Many Hoosiers may be aware that when
Col. Sanders was born in 1890, it was not in Kentucky but on our side of the Ohio, in Clark County. But it may come as a surprise to learn just how much Hoosier heritage the Kentucky colonel has. Sanders, in fact, was just shy of 34 when he moved from Indiana to Kentucky.Times were tough in the tiny southern Indiana town of Henryville after 5-year-old Harland Sanders' father died. When he was 12 his cash-strapped mother agreed, out of financial desperation, to marry a Greenwood produce farmer and move the family to suburban Indianapolis. Young Harland quarreled and fought frequently with his new stepdad, and within a year Harland's mother shipped him back to Clark County to maintain the peace. He worked as a farmhand, then a New Albany streetcar conductor, and after a brief underage stint in the Army he got married and spent a short time moving his young family to Alabama, then Tennessee, then Arkansas, and finally back to Indiana.

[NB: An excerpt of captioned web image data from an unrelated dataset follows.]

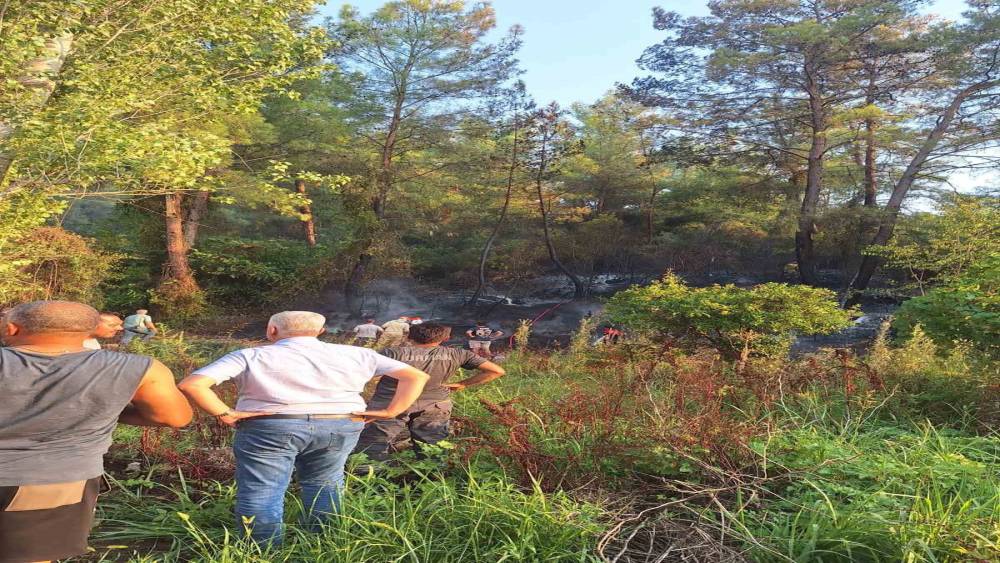 K&ouml;yceğiz&rsquo;de ormanlık alana sı&ccedil;rayan yangın kısa s&uuml;rede s&ouml;nd&uuml;r&uuml;ld&uuml;
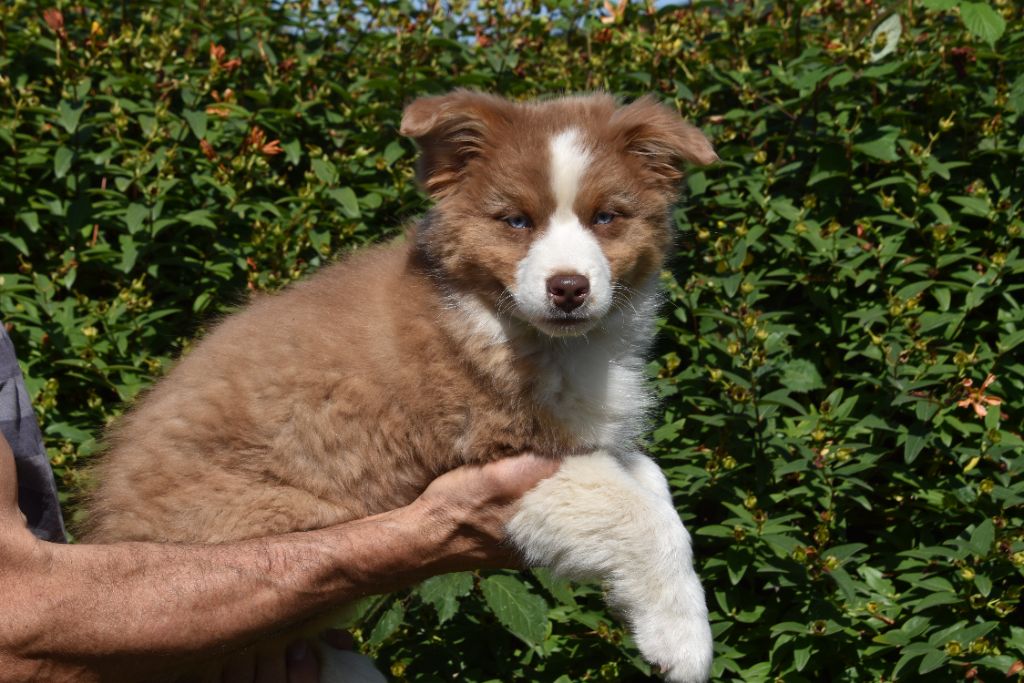 Du Domaine De Keravel - Chiots disponibles - Berger Australien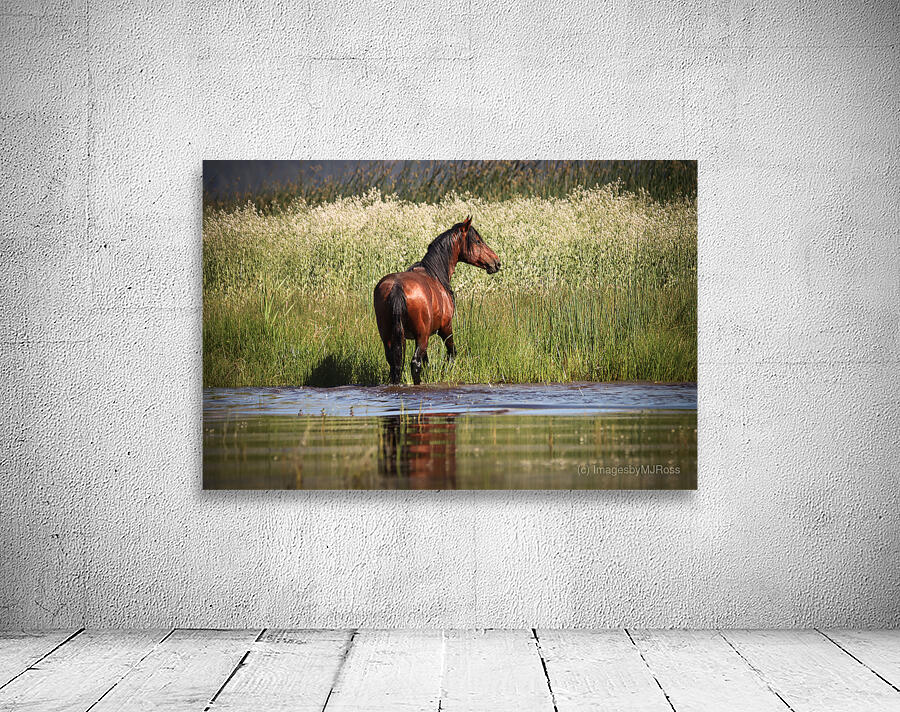 Nevada Mustang 1 5 Wall Preview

Sanders landed a job selling Prudential insurance in Jeffersonville and became quite a cog in the local business community. He started what became a successful ferry company operating between Jeffersonville and Louisville before taking a job as secretary of the Columbus Chamber of Commerce. In that post, he met an inventor who discovered how to operate natural-gas lamps on a gas derived from carbide, and with visions of carbide lamps lighting farms across rural America, Sanders bought the patent rights and launched a Columbus manufacturing company. Unfortunately for Sanders but lucky for chicken lovers, the rural-electrification program made his company's product obsolete, torpedoed the firm and sent Sanders packing to Kentucky as a tire salesman, then a gas-station manager, then a restaurant owner. The rest is history.
Sanders' Indiana connections don't stop there, however. On New Year's Day in 1962, Sanders visited a franchisee in Fort Wayne and noticed a particularly conscientious employee, a 29-year-old who had traveled from city to city with his own family and had worked in restaurants since he was 12. "That young man is going to amount to something someday," Col. Sanders predicted.
Indeed, that Fort Wayne resident did. Though he later traded in fried chicken for burgers, he followed in Sanders' footsteps to become one of the restaurant business' most recognizable faces: Wendy's founder Dave Thomas.